■ EXERCISE REQUIREMENTS
Given the records below, set each one down again exactly as it reads.

■ DATASET ENTRIES
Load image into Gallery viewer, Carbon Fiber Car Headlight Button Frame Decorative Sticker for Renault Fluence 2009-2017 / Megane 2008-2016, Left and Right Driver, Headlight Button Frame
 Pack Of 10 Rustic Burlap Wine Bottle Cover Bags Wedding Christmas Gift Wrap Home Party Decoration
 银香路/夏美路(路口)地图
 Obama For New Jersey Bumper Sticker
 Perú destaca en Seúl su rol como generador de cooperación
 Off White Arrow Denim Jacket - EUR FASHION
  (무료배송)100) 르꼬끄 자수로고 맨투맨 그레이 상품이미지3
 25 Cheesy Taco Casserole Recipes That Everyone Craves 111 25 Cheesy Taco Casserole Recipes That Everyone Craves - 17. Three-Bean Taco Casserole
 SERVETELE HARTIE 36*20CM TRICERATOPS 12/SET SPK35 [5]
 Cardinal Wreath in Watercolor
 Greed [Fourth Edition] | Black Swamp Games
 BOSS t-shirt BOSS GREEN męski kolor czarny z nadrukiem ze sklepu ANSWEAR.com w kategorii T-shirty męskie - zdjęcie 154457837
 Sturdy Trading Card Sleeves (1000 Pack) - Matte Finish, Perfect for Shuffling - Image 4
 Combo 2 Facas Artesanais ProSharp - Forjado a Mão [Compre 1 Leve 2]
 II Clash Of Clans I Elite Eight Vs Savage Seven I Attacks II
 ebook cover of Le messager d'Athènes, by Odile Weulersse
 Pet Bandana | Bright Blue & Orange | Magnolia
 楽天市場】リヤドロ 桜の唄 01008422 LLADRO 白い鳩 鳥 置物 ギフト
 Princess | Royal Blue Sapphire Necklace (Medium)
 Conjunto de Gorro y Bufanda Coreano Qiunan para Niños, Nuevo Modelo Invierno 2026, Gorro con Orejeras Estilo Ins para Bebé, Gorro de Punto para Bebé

■ WORKED SOLUTION
Load image into Gallery viewer, Carbon Fiber Car Headlight Button Frame Decorative Sticker for Renault Fluence 2009-2017 / Megane 2008-2016, Left and Right Driver, Headlight Button Frame
 Pack Of 10 Rustic Burlap Wine Bottle Cover Bags Wedding Christmas Gift Wrap Home Party Decoration
 银香路/夏美路(路口)地图
 Obama For New Jersey Bumper Sticker
 Perú destaca en Seúl su rol como generador de cooperación
 Off White Arrow Denim Jacket - EUR FASHION
  (무료배송)100) 르꼬끄 자수로고 맨투맨 그레이 상품이미지3
 25 Cheesy Taco Casserole Recipes That Everyone Craves 111 25 Cheesy Taco Casserole Recipes That Everyone Craves - 17. Three-Bean Taco Casserole
 SERVETELE HARTIE 36*20CM TRICERATOPS 12/SET SPK35 [5]
 Cardinal Wreath in Watercolor
 Greed [Fourth Edition] | Black Swamp Games
 BOSS t-shirt BOSS GREEN męski kolor czarny z nadrukiem ze sklepu ANSWEAR.com w kategorii T-shirty męskie - zdjęcie 154457837
 Sturdy Trading Card Sleeves (1000 Pack) - Matte Finish, Perfect for Shuffling - Image 4
 Combo 2 Facas Artesanais ProSharp - Forjado a Mão [Compre 1 Leve 2]
 II Clash Of Clans I Elite Eight Vs Savage Seven I Attacks II
 ebook cover of Le messager d'Athènes, by Odile Weulersse
 Pet Bandana | Bright Blue & Orange | Magnolia
 楽天市場】リヤドロ 桜の唄 01008422 LLADRO 白い鳩 鳥 置物 ギフト
 Princess | Royal Blue Sapphire Necklace (Medium)
 Conjunto de Gorro y Bufanda Coreano Qiunan para Niños, Nuevo Modelo Invierno 2026, Gorro con Orejeras Estilo Ins para Bebé, Gorro de Punto para Bebé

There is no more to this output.